Blind Blake is a figure of huge significance in American music. Not just was he one of the greatest blues guitar players of all-time, Blake appears to have actually been the main designer of “finger-style” ragtime on the guitar, the six-string equivalent to playing ragtime on the piano.

Blake mastered this form so completely that few, if any, guitarists who have actually found out to play in this design considering that Blake have actually been able to match his rather particular achievements in this world. Blind Blake was the most often tape-recorded blues guitar player in the Paramount Records’ race catalog; certainly, Paramount waxed him as frequently as they could, as he was their best-selling artist.

By the time the Paramount label folded in the fall of 1932, Blake had actually taped a remarkable 79 known sides for them under his own name and had actually contributed accompaniments to Paramount recordings by other artists such as Gus Cannon, Papa Charlie Jackson, Irene Scruggs, Ma Rainey and Ida Cox to call only a couple of.
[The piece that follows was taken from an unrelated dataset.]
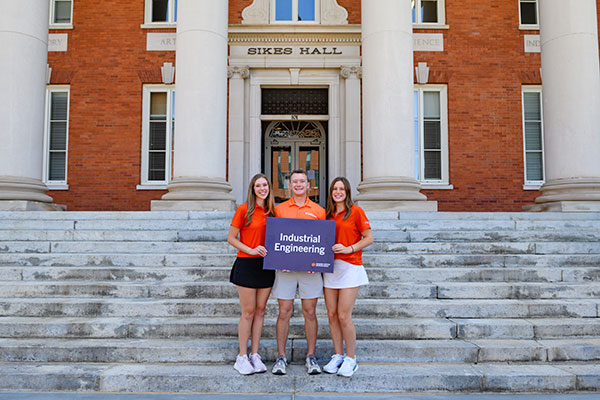 Three students in front of Sikes Hall holding up a sign that says Industrial Engineering.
One would surmise, provided Blake’s value, celeb status, popularity and significant taped output that we would know something about the male. And after more than 5 years of searching carried out by specialists on behalf of Blind Blake, we still don’t know anything verifiable about Blake which he does not inform us on his records.

Practically all of what is “understood” about Blind Blake beyond that is a mix of guesswork, rumor, slander and nonsense. At one point a theory was advanced that Blind Blake’s real name was “Arthur Phelps” and it is under this name that Blake’s entry is submitted in Sheldon Harris’ Blues Who’s Who. But the theory is easily debunked by Blake himself, who mentions on his 1929 recording “Blind Arthur’s Breakdown” that his name is “Arthur Blake.”

He quickly breaks into Geechee dialect during the course of “Southern Rag,” and this advanced a theory that Blake was truly born in the Georgia Sea Islands and spoke Geechee as a mother tongue, representing his “unpleasant negro dialect” on records like “Early Early Morning Blues.” But there is nothing wrong with Blake’s “negro dialect,” therefore it was easy to disprove this outrageous idea.

Blind Blake is known to have had household in the location of Jacksonville, Florida and was likely born there; Blake may have matured in Georgia. Blake was first seen in Chicago in the mid-1920s. His birth date is assumed to be at some point between 1895-1897, as the only existing image of Blind Blake, taken at his first Paramount session in August, 1926, shows a male of about thirty. Interviews with some of the musicians personally acquainted with Blake only expose that he had a seemingly limitless hunger for liquor.

Nobody has discovered any reputable account of what took place to Blind Blake after his last Paramount session in June 1932. The story that has actually Blake killed in Chicago soon after his Paramount date did not hold up after an extensive search of regional authorities files.

The most reasonable notion about what may’ve happened to Blind Blake after 1932 is that he drifted back to Jacksonville and lived a few years more, with 1937 recommended as a possible date of death. In the summertime of 1935, Mary Elizabeth Barnicle led an Archive of Folk Tune exploration into the area where Blake is most likely to have actually transplanted and canvassed it for black musicians, yet never encountered him.

A number of the recordings made by Blind Blake are singled out as traditional early blues performances, too numerous to be listed in detail here. However a couple of that stand out consist of “Morning Blues,” “Too Tight,” “Skeedle Loo Doo Blues,” “That Will Never Ever Take Place No More,” “Southern Rag,” “Diddie Wa Diddie,” “Cops Canine Blues,” “Playing Policy Blues” and “Exemplary Blues.” Several of Blind Blake’s initial tunes are by now country-blues standards, and evaluating from the more developments in Atlanta-based Piedmont blues, Blake’s influence there should’ve been formidable …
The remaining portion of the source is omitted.